You can now use (via dccifd) different dcc filtering parameters on a per context basis. See the dcc_greylist and dcc_bulk_threshold statements in the dnsbl.conf(5) configuration. Those statements are only active if you supply the -b option on the dnsbl command line. If you use the dcc via the standard dcc milter (dccm), then connections from clients that use SMTP AUTH are still subject to greylisting. If you use the dcc via dccifd and this milter, then connections from clients that use SMTP AUTH are never subject to greylisting. As part of this per-user greylisting, you need to move the dnsblnogrey file from the config directory to something like /var/dcc/userdirs/local/dnsblnogrey/whiteclnt so the dccifd will properly ignore greylisting for those recipients that don't want it.

Definitions

CONTEXT - a collection of parameters that defines the filtering context to be used for a collection of envelope recipient addresses. The context includes such things as the list of DNSBLs to be used, and the various content filtering parameters.

DNSBL - a named DNS based blocking list is defined by a dns suffix (e.g. sbl-xbl.spamhaus.org) and a message string that is used to generate the "550 5.7.1" smtp error return code.
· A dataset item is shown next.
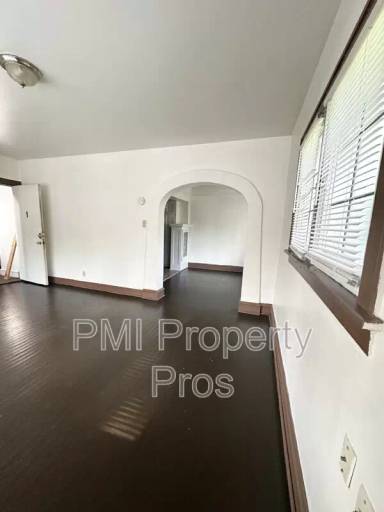 Main picture of 3765 N 13th St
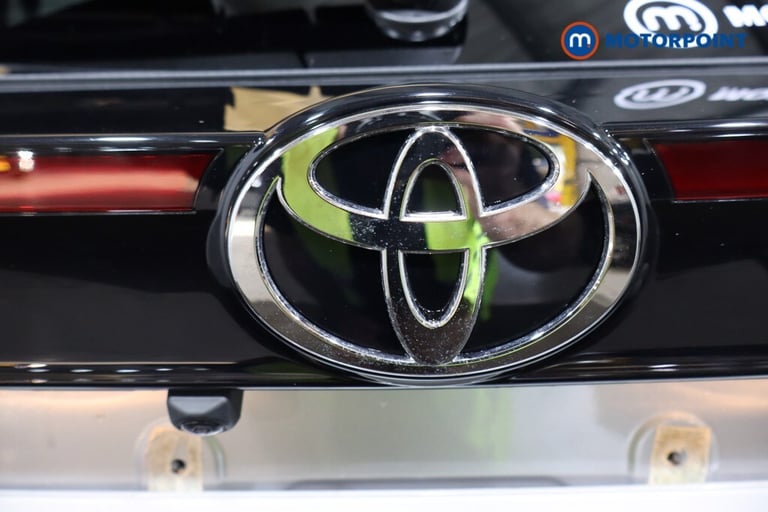 2024 Toyota Yaris Cross 1.5 Hybrid 130 Premiere Edition 5dr CVT Estate Hybrid Automatic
The names of these DNSBLs will be used to define the DNSBL-LISTs.

DNSBL-LIST - a named list of DNSBLs that will be used for specific recipients or recipient domains.

DNSWL - a named DNS based white list is defined by a dns suffix (e.g. list.dnswl.org) and an integer level. If the level is greater than or equal to x in the 127.0.z.x return code from the white list, then the ip address is considered to match, and the message will be whitelisted. The names of these DNSWLs will be used to define the DNSWL-LISTs.

DNSWL-LIST - a named list of DNSWLs that will be used for specific recipients or recipient domains.

Filtering Procedure

The SMTP envelope 'from' and 'to' values are used in various checks. The first check is to see if a reply message (swapping the env_from and env_to values) would be unconditionally blocked (just based on the envelope from address). That check is similar to the main check described below, but there is no body content to be scanned, and there is no client connection ip address to be checked against DNSBLs. If such a reply message would be blocked, we also block the original outgoing message. This prevents folks from sending mail to recipients that are unable to reply.

If the client has authenticated with sendmail, the recipient rate limits and connection ip address limits are checked. If the authenticated user has not exceeded the hourly or daily rate limits, then the mail is accepted, the filtering contexts are not used, the dns lists are not checked, and the body content is not scanned. These rate limits can also be applied to unauthenticated connections, in which case the envelope from value is used as the authentication id for lookup purposes. If the client has not authenticated with sendmail, we follow these steps for each recipient.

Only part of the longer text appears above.